Somalia unveils project to improve municipal infrastructure delivery

The government of Somalia in association with the World Bank launched a flagship infrastructure project in Somalia. The Somali Urban Resilience Project (SURP), worth USD9-million, will be the country’s first national test case for municipal infrastructure delivery. “The World Bank’s role in Somalia is about working with and through government and building the capacity of the authorities to spearhead reform and development,” said Hugh Riddell, World Bank country representative for Somalia. “The SURP will allow us to build on the initial work in urban resilience and to expand this agenda across the country,” Riddell added. SURP is a national urban resilience project that aims to pilot the use of country systems at the sub-national level and strengthen municipal governments,’ capacity.

Source: ESI Africa

Tanzania

OreCorp Tanzania to increase interest in Nyanzaga Mining
The Tanzanian Fair Competition Commission has granted its approval for OreCorp Tanzania to increase its interest in Nyanzaga Mining to 51%. This move remains subject to the approval of the newly established Mining Commission, the application for which was lodged at the same time as the application for FCC approval and the future payment of USD3-million to the Acacia Group. In addition, members of the OreCorp Group have now entered into a completion agreement with Acacia Mining and other members of the Acacia Group to allow OreCorp Tanzania to move to 100% ownership of NMCL, and thereby 100% ownership of the Nyanzaga Gold Project. Both OreCorp and Acacia believe that a simplified ownership structure of NMCL is beneficial to the future development of the project and would enable it to be best placed to provide significant benefits to Tanzania and all stakeholders.

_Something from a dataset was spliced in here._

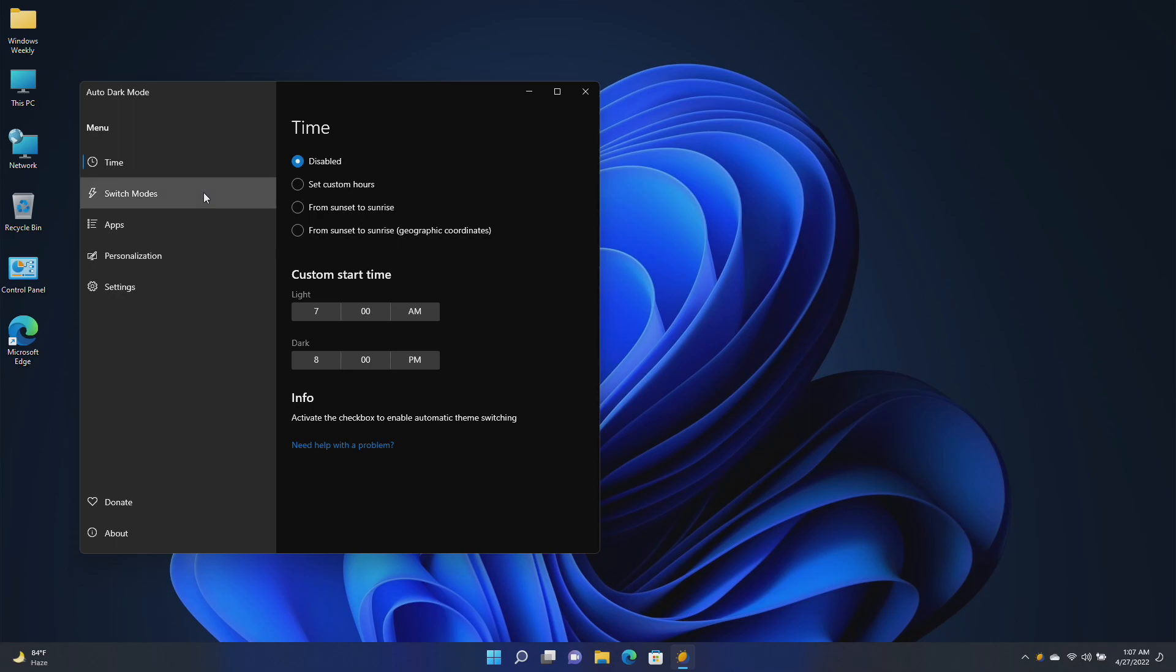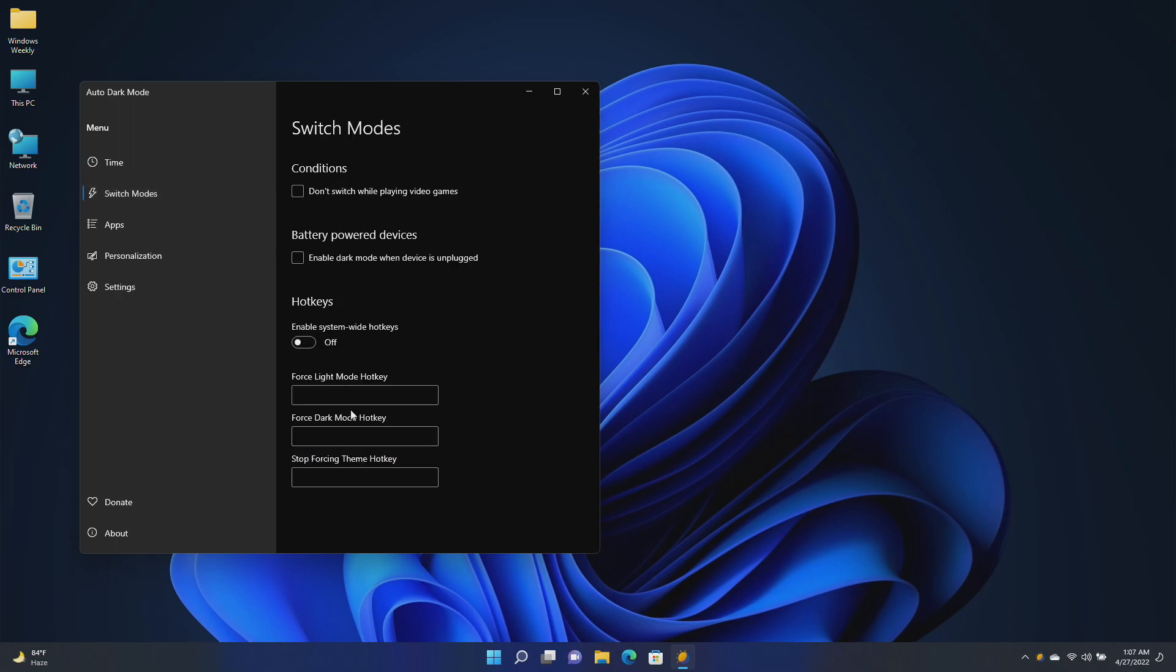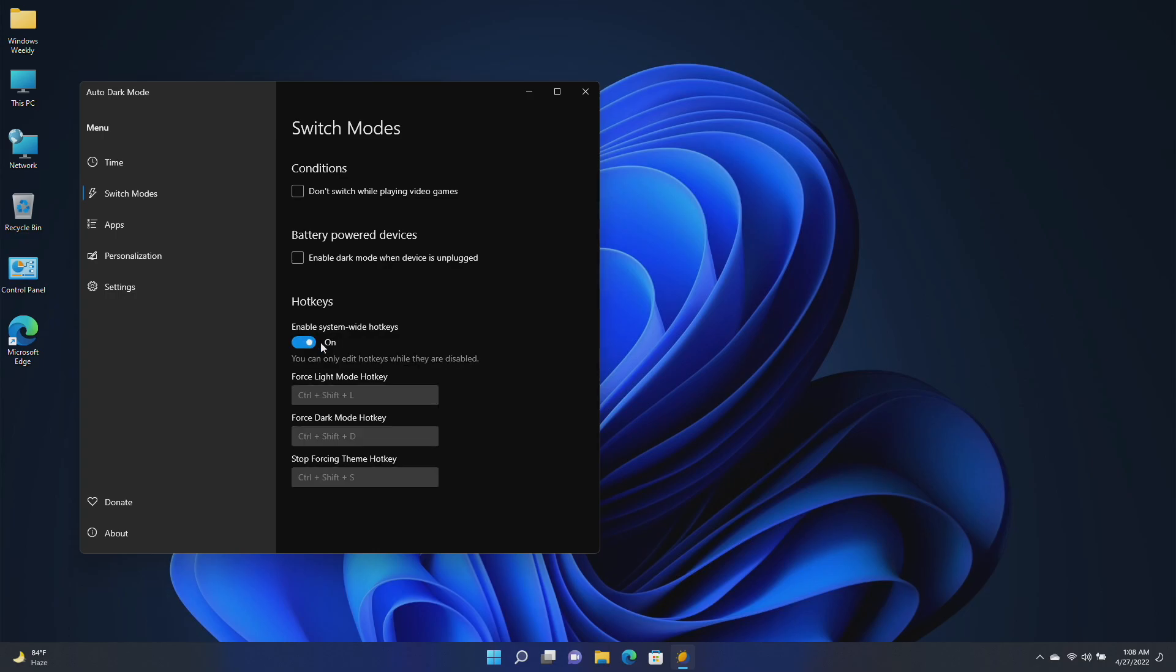Now define your keyboard shortcut for each mode. After defining the keys, enable the option, and now you can switch between the modes using your shortcuts.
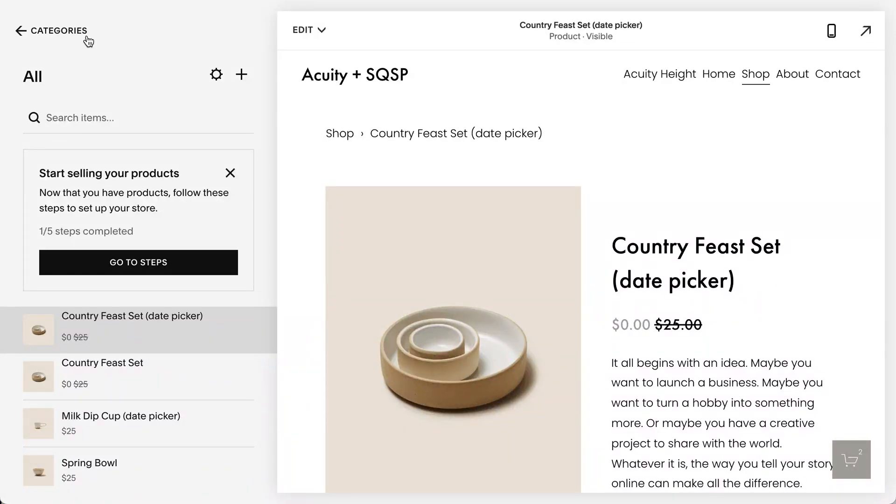Here's how you can add a date picker to your products in Squarespace. You can add Acuity scheduling before or after checkout, but if that's not the way you want to go, this is the third method.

Source: Mining Review Africa

Uganda

Uganda's national oil firm, China's CNOOC sign exploration deal
Uganda said its national oil firm and Chinese offshore oil and gas company CNOOC Ltd had signed an agreement to jointly conduct exploration in a new block in the East African country.  The deal was signed in Beijing on the margins of the ongoing China-Africa forum on cooperation, which is being attended by Uganda’s President Yoweri Museveni. A statement issued by his office said CNOOC and Uganda National Oil Company signed a memorandum of understanding “to jointly explore a new oil and gas block in the Albertine Graben, on the southern part of Lake Albert.” “The exploration aims to increase the amount of crude oil produced in Uganda to support the operations of the refinery as well as the oil pipeline,” it said.

Source: Reuters

Uganda

BringCom acquires Datanet
BringCom Incorporated, a provider of connectivity solutions to developing countries, has announced that it has completed the acquisition of Datanet.Com, LLC in Uganda after receiving final approval from the regulatory authority, Uganda Communications Commission. Established in 1999, Datanet is a network service provider operating in Uganda and offering corporate network connectivity as well as secure and reliable wholesale access services. Datanet was the first company in the East African region to enroll in the MEF Services Interconnect program with the aim of establishing standardised Carrier Ethernet access services and networks. It also launched EP-LAN service over its Carrier Ethernet network between Uganda and Kenya powering multi-branch interconnectivity/operations and LAN extensions. More recently, the company announced its MEF CE 2.0 E-Access certification.